Amazon reported higher sales and profit in the fourth quarter, but has signaled up to $200 billion of capital spending on AI and other infrastructure this year.
The retail giant saw net sales increase 14 per cent to $213.4 billion in the quarter ended December 31. North America sales rose 10 per cent, while international sales grew 17 per cent. AWS segment sales increased 24 per cent.
On the bottom line, operating income rose 18 per cent to $25 billion and net income was up 6 per cent to $21.2 billion.
For the full year, net sales increased 12 per cent to $716.9 billion and net income rose 31 per cent to $77.7 billion.
In the new fiscal year, the company plans to invest about $200 billion in capital expenditures, anticipating a “strong long-term return” on invested capital.
The decision, however, sent its shares down 11.5 per cent in after-hours trading.

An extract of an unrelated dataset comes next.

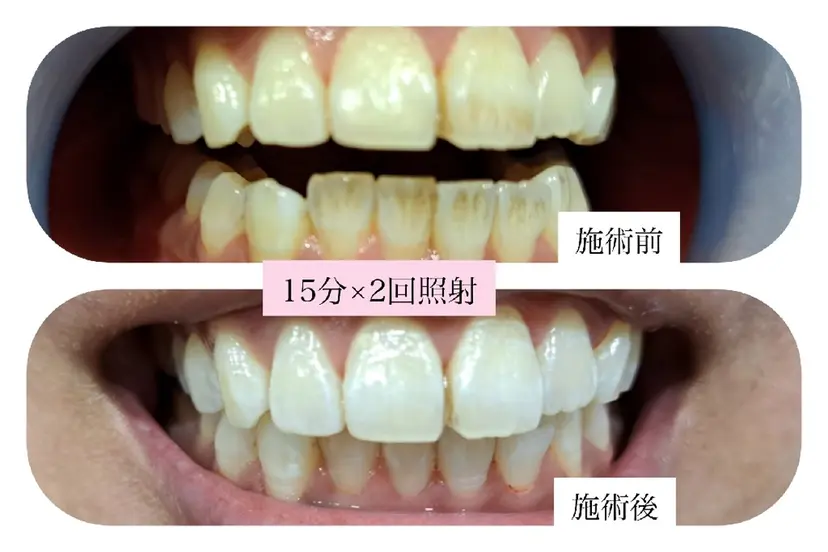 美肌脱毛サロン つるりとの掲載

According to GlobalData MD Neil Saunders, initial investor sentiment has been somewhat negative, mostly due to concerns around the future spending on AI and the bottom line coming in a little below expectations.
“These things matter, but they do not detract from the otherwise strong numbers that Amazon has produced,” Saunders said.
“It is also pleasing that Amazon maintained the sales momentum it had across 2025 during the all-important holiday quarter. From a retail perspective, product sales rose by 9.4 per cent which means that Amazon remains a market share winner in a landscape where competition was more intense and the consumer was more skittish in their shopping behavior,” he added.
‘Invest in things that matter’
Saunders said Amazon’s recent decision to exit its own-brand physical grocery stores, along with the wave of job cuts, reflects that sales growth is becoming harder to attain and that the cost environment continues to intensify.
“While some read this as a defensive move, it is actually the opposite. Amazon wants to free up capital to invest more in the things that matter and which can move the dial in the years ahead.
“On the retail front this includes huge expenditure on expanding fast delivery to more areas and using AI more effectively in the customer journey. More widely, Amazon will step up investments in AI capability and data centers,” the analyst explained.
“These things will certainly push up capital expenditure in the near term, but we see this as a very prudent move to maintain Amazon’s leadership in the decade to come, and which will ultimately fuel sales expansion,” he added.
Amazon expects its net sales to increase between 11 per cent and 15 per cent in the first quarter of this year.